What this task involves =
Your reply should consist only of the lines from the one holding "Шаблон для сверления" to the last line of the data below, written out exactly and without pictures.

──────── Records to process

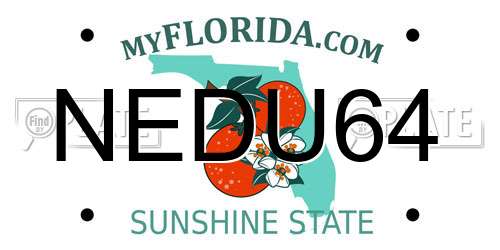 NEDU64 Florida License Plate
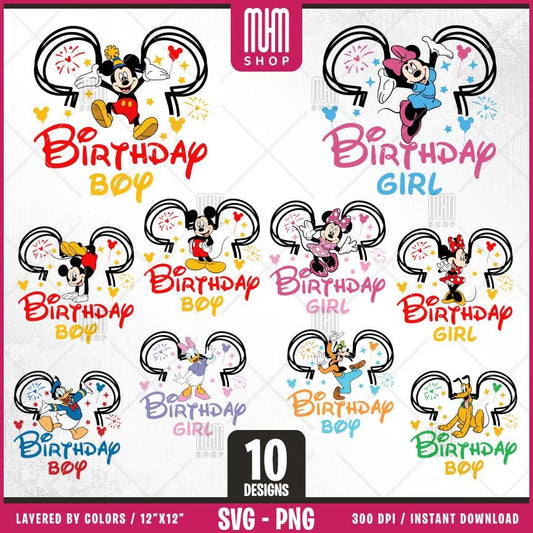 Mouse and Friends Birthday Svg Png, 10 Designs Easy to use Cartoon Characters, Layered Svg by colors, Transparent Png, Cut files for Cricut.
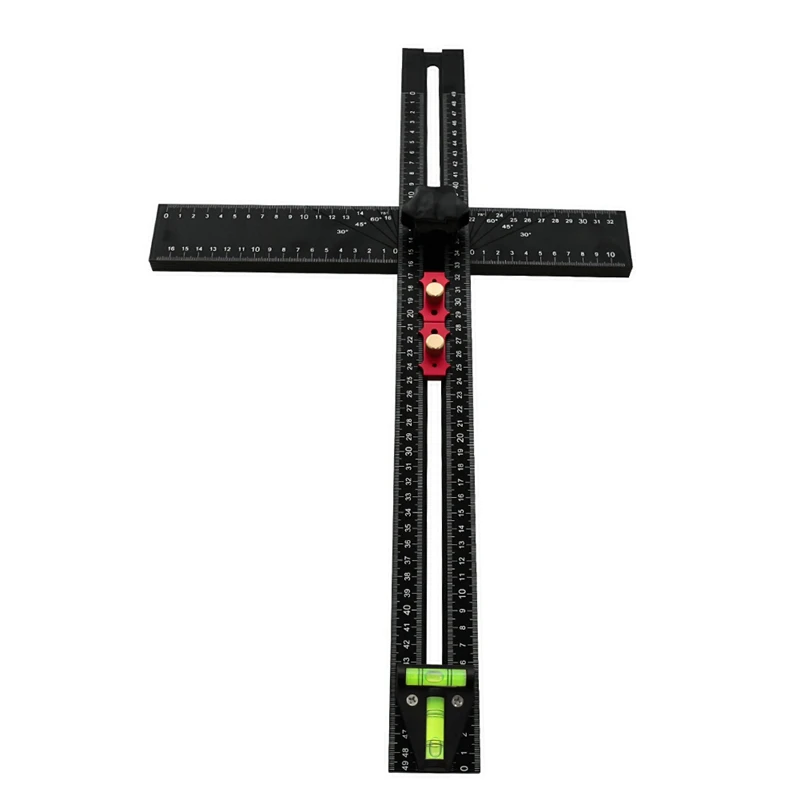 

Шаблон для сверления отверстий в дверях ящика, гипсокартон, Т-образная квадратная линейка, регулируемая линейка для позиционирования, линейка для позиционирования сверления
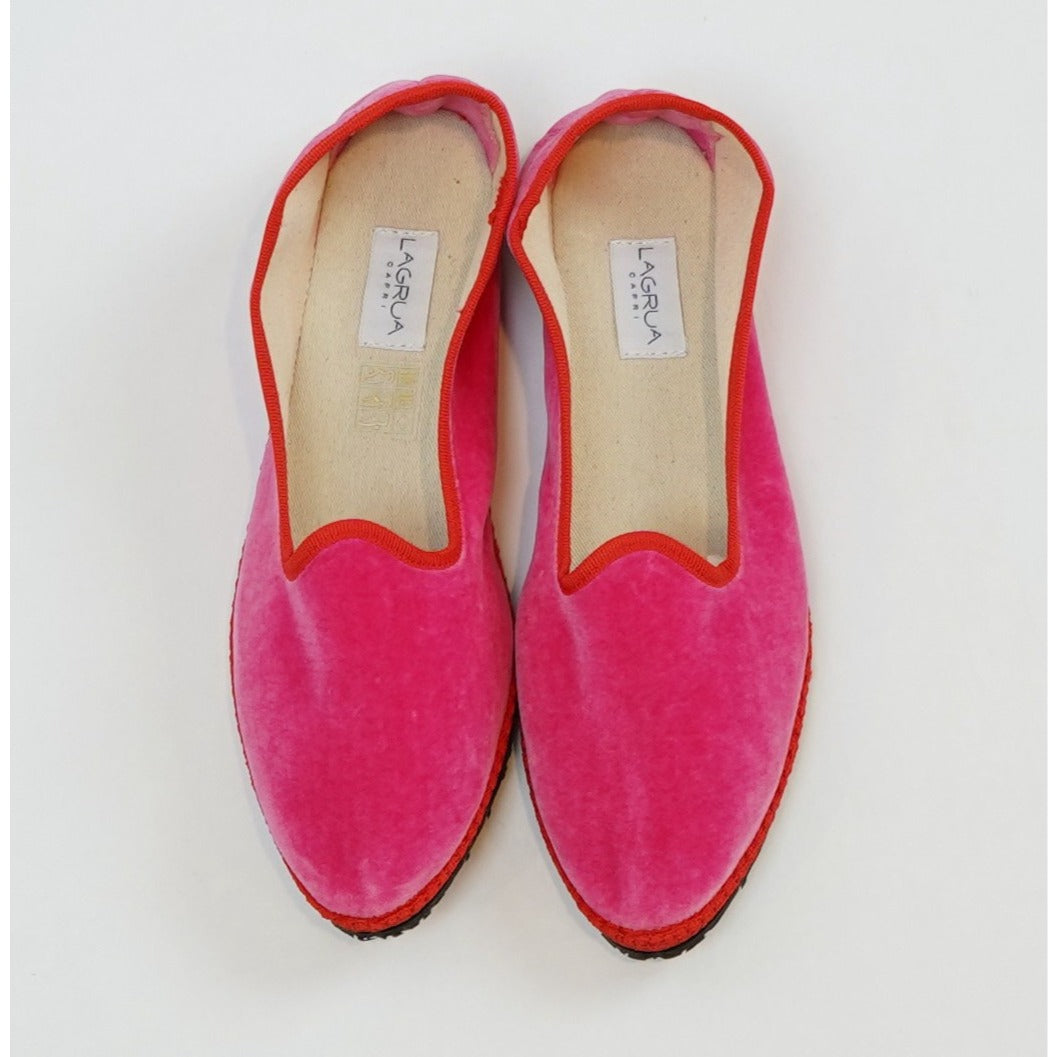 LAGRUA Capri Friulana Frulane Flats Pink Velvet Made in Italy - Size 39 / US 8.5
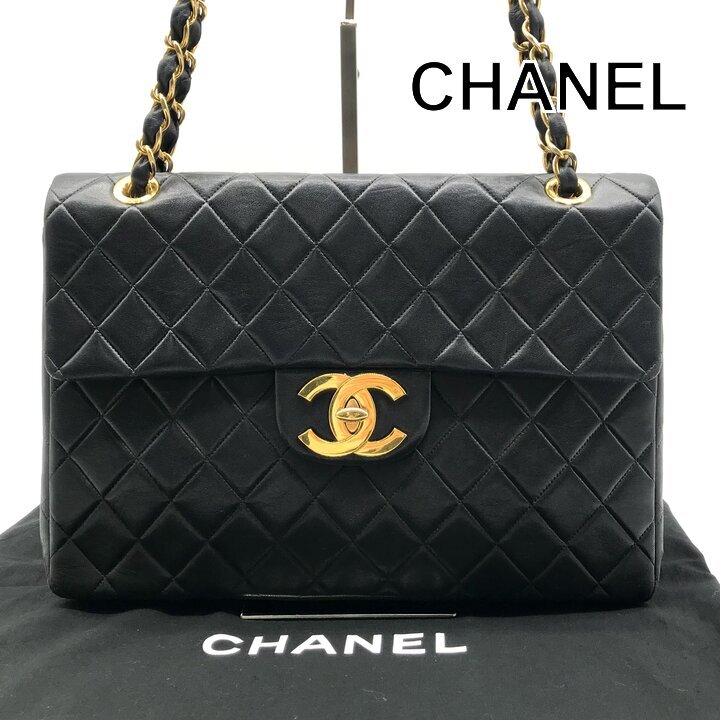 良品 CHANEL シャネル デカ ココマーク マトラッセ ターンロック ラムスキン チェーン ショルダー バッグ ブラック レディース k7629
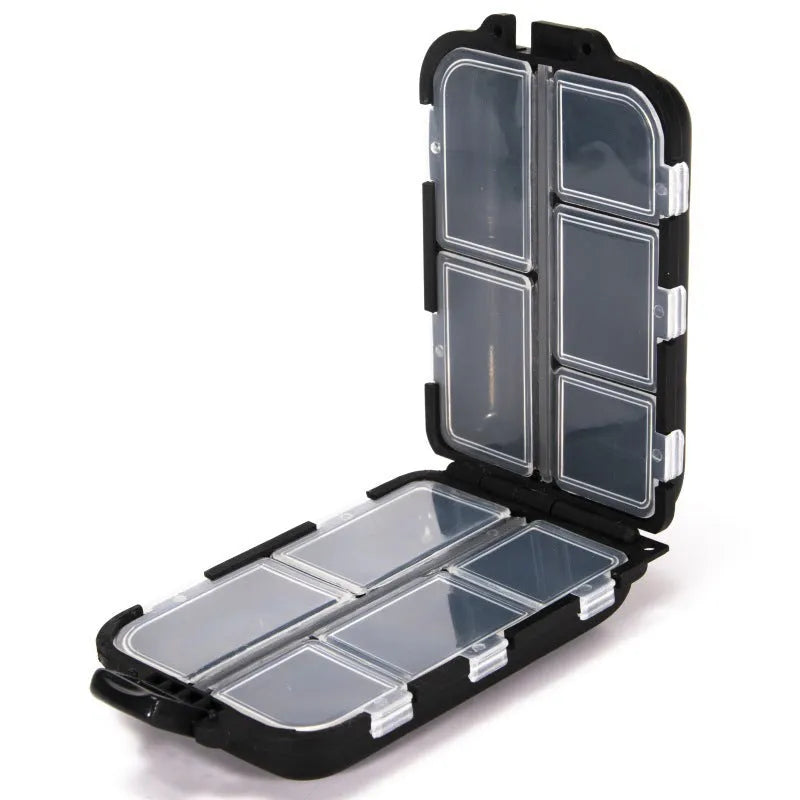 10-compartment plastic fishing tackle storage box measuring 9.5x6.5x3cm in black colour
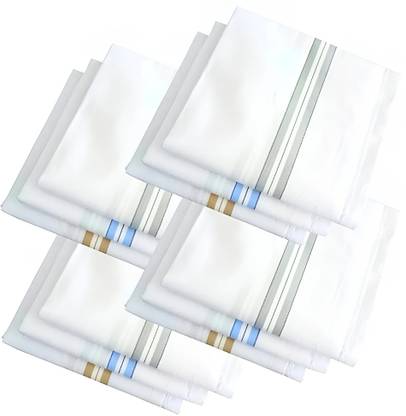 Trinch white hankey with coloured stripes ["White with colourful stripes"] Handkerchief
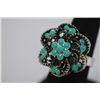 Image 2 : FASHION JEWELRY; SYNTHETIC TURQUOISE COLORED BRASS RING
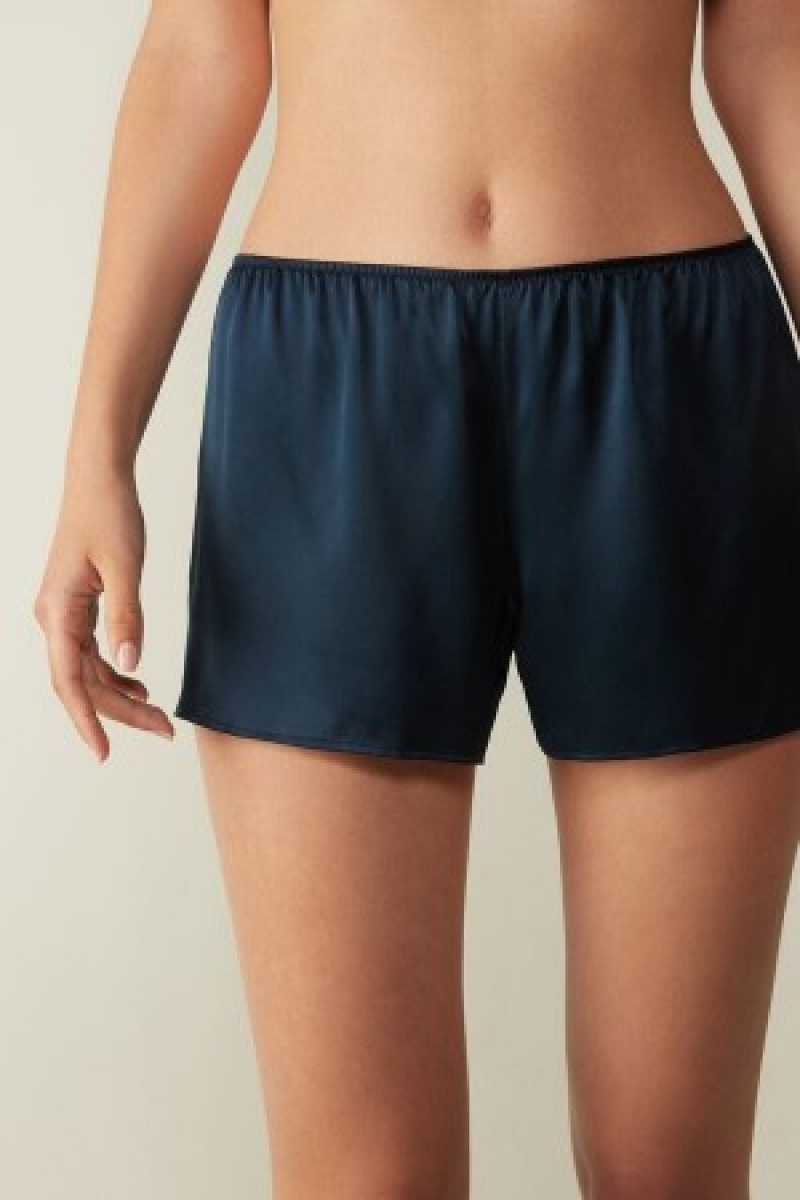 Intimissimi Smooth Silk-Satin Shorts Blå | PDKER92176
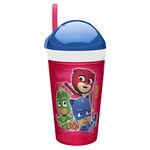 Zak Designs PJ Masks ZakSnak All-in-One Drink Tumbler + Snack Container for Toddlers – Spill-Proof 4oz Snack Container Screws Securely onto 10oz Tumbler with Accessible Straw, PJ Masks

────────────────

Answer area =
Шаблон для сверления отверстий в дверях ящика, гипсокартон, Т-образная квадратная линейка, регулируемая линейка для позиционирования, линейка для позиционирования сверления
 LAGRUA Capri Friulana Frulane Flats Pink Velvet Made in Italy - Size 39 / US 8.5
 良品 CHANEL シャネル デカ ココマーク マトラッセ ターンロック ラムスキン チェーン ショルダー バッグ ブラック レディース k7629
 10-compartment plastic fishing tackle storage box measuring 9.5x6.5x3cm in black colour
 Trinch white hankey with coloured stripes ["White with colourful stripes"] Handkerchief
 Image 2 : FASHION JEWELRY; SYNTHETIC TURQUOISE COLORED BRASS RING
 Intimissimi Smooth Silk-Satin Shorts Blå | PDKER92176
 Zak Designs PJ Masks ZakSnak All-in-One Drink Tumbler + Snack Container for Toddlers – Spill-Proof 4oz Snack Container Screws Securely onto 10oz Tumbler with Accessible Straw, PJ Masks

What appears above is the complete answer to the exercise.